Aggression and anxiety are often the most severe, but rough play, destructiveness, pulling on the leash, reactivity, noise-phobias, and the inability to become housebroken are also very common and frustrating problems.
Many pet owners will give up their pets, by sending them to a shelter or euthanizing them, because they are unaware behavior training and coaching can help.
Guidance from a qualifed pet behavior professional can keep families happy and pets at home where they belong,
Please don't wait. Unacceptable behavior is not a phase. Over-the-counter "remedies" are often untested, ineffective, expensive, and teach nothing. Pain, punishment, and fear-based consequences for "bad behavior" often make behavior worse. Allowing a pet to rehearse undesirable behaviors makes behavior modification much more challenging.
Asking for professional help early is less distressful, less expensive, and will more quickly help you have the relationship with your dog that you envisioned having when you first brought your pet home.
Start with a Consultation
Through an initial consultation, we will determine if we can build a positive, pain-free behavior modification plan that meets your needs.
If during our initial consultation, I determine your dog's behavioral challenge is beyond the scope of my skillset (which is always growing), I will help you find helpful resources so you have clear direction and hope after we talk.

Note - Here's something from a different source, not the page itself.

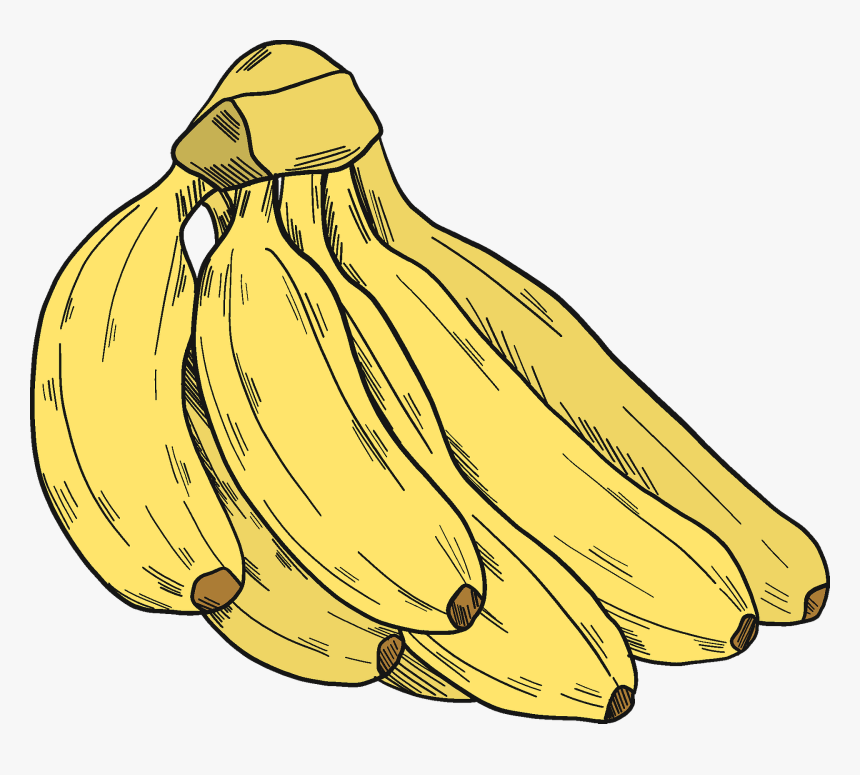 Elephant Garlic, HD Png Download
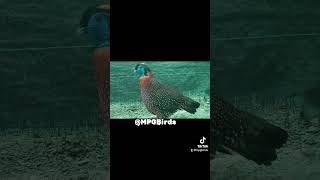 Fazan Tragopan Temenik Temenik Tragopan Pheasant birds animals pheasant song hobby [upl. by Atteirneh]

If you are a Rescue Group or Shelter: email me for more information about how the pet owners or the fosters you refer to me can access free consultations.
Dogs Are Family.
Dogs are family. I treat all dogs like I would my own, with the respect and compassion they deserve. I use a "least intrusive, minimally aversive" (LIMA) approach to training. By teaching and reinforcing the behaviors that are desired, our dogs will not require fear-based and/or painful corrections.
The LIMA approach does not justify the use of punishment in place of other effective interventions. Positive reinforcement always come first. We reinforce what we want our dog to do. Pain-free methods to manage unwanted behavior are acceptable. Aversive methods, such as shock collars (or e-collars), choke collars, or prong collars in lieu of other effective positive reinforcement interventions are not used.

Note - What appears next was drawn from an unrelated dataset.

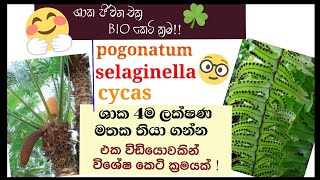 Biology  Life cycle of Cycas Nephrolepis pogonatum selaginella  plant Reproduction [upl. by Leoine]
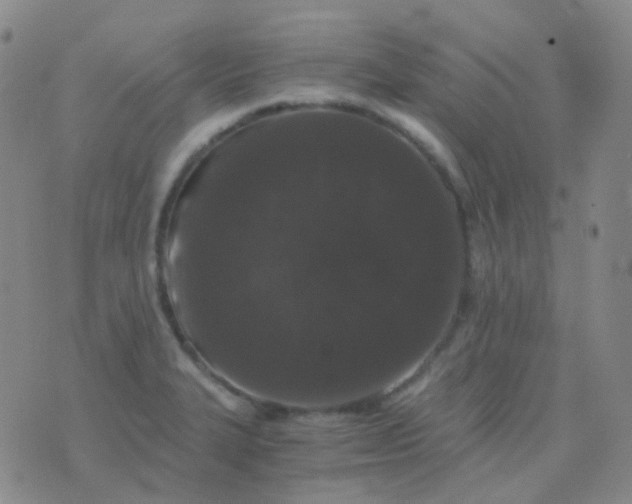 X0000076451327200610202325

The IAABC believes that the use of shock is not a best practice. When compared to positive training methods, the use of shock have been found to cause unnecessary suffering without good evidence of improved outcomes. (See link here). The goal of the IAABC is to eliminate the use of shock devices from behavior work by modeling, education, and providing members with effective alternatives.
Accordingly, you will NOT see the use of pain, shock, or fear in the work I do with you and your dogs.